Serang, Banten
Lenterahukum.com — Dugaan praktik galian tanah ilegal mencuat di Desa Cisait, Kecamatan Kragilan Kabupaten Serang Banten. Aktivitas tersebut diduga berlangsung tanpa izin yang jelas dan memicu sorotan dari masyarakat serta aktivis lingkungan.
Berdasarkan pantauan di lokasi pada Rabu (22/04/2026), terlihat aktivitas pengangkutan tanah menggunakan sejumlah kendaraan, di antaranya dump truk engkel dengan indeks 7 yang hilir mudik mengangkut material dari area galian.
Seorang pria yang mengaku sebagai pengatur di lokasi menyebutkan bahwa galian tersebut untuk memenuhi kebutuhan koprasi merah putih dan PLN.
" Ini untuk ngepok ke PLN yang lebih baik nya sih untuk menyuplai kebutuhan koprasi merah putih, maaf ya saya ada keperluan dulu pak" ucapnya singkat sambil pergi.

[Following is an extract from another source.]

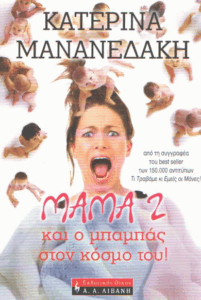Μαμά 2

Saat dikonfirmasi melalui pesan Whatsapp terkait perijinan Pandi yang diduga sebagai pelaku usaha galian c di Desa Cisait dirinya mengatakan," kalau untuk perijinan kurang tau pak, saya hanya minta tanah untuk kegiatan saya lagi ada pengurugan koperasi merah putih pak," ungkapnya.

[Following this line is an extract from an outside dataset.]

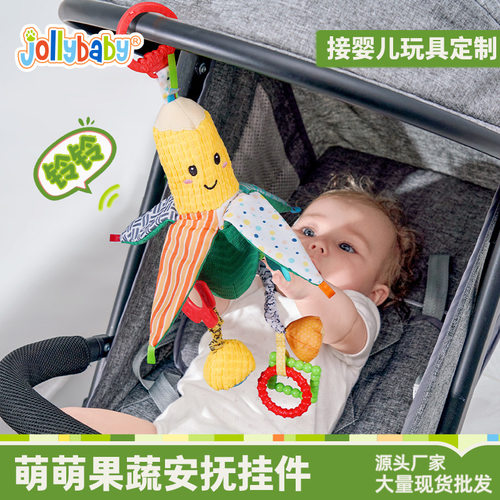 婴儿安抚玩具新生婴儿车挂件床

Kondisi ini memunculkan dugaan kuat adanya aktivitas galian tanah tanpa izin yang berpotensi melanggar ketentuan hukum, khususnya dalam sektor pertambangan dan lingkungan hidup. Mengacu pada Undang-Undang Nomor 3 Tahun 2020 serta Undang-Undang Nomor 32 Tahun 2009, kegiatan pertambangan tanpa izin dapat dikenakan sanksi pidana.

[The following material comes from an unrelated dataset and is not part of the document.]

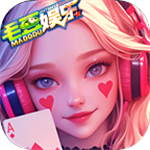 毛豆娱乐安卓官方app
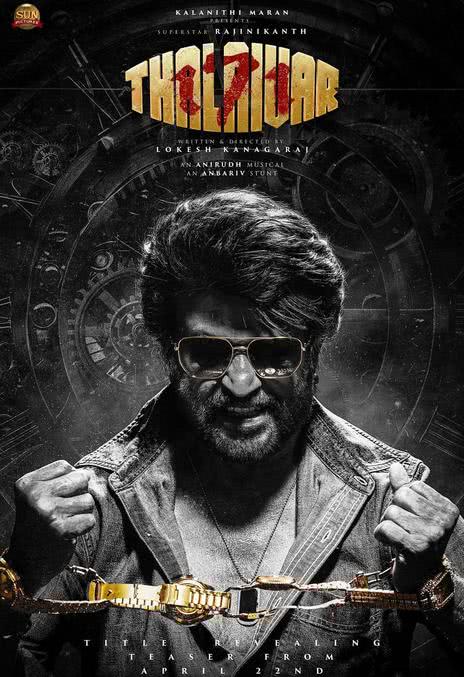 《往蚀》百度云网盘夸克下载.阿里云盘.中字.(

Selain dugaan perizinan yang tidak jelas, kondisi di lokasi galian juga dinilai semrawut dan tidak tertata. Kerusakan lingkungan terlihat nyata, dengan kontur tanah yang rusak dan tidak direklamasi sebagaimana mestinya.
Tak hanya itu, di sepanjang jalan Desa Cisait, sejumlah dump truk bermuatan tanah terpantau parkir di badan jalan. Kondisi ini dinilai mengganggu pengguna jalan lain serta terkesan menjadikan fasilitas umum sebagai area operasional pribadi.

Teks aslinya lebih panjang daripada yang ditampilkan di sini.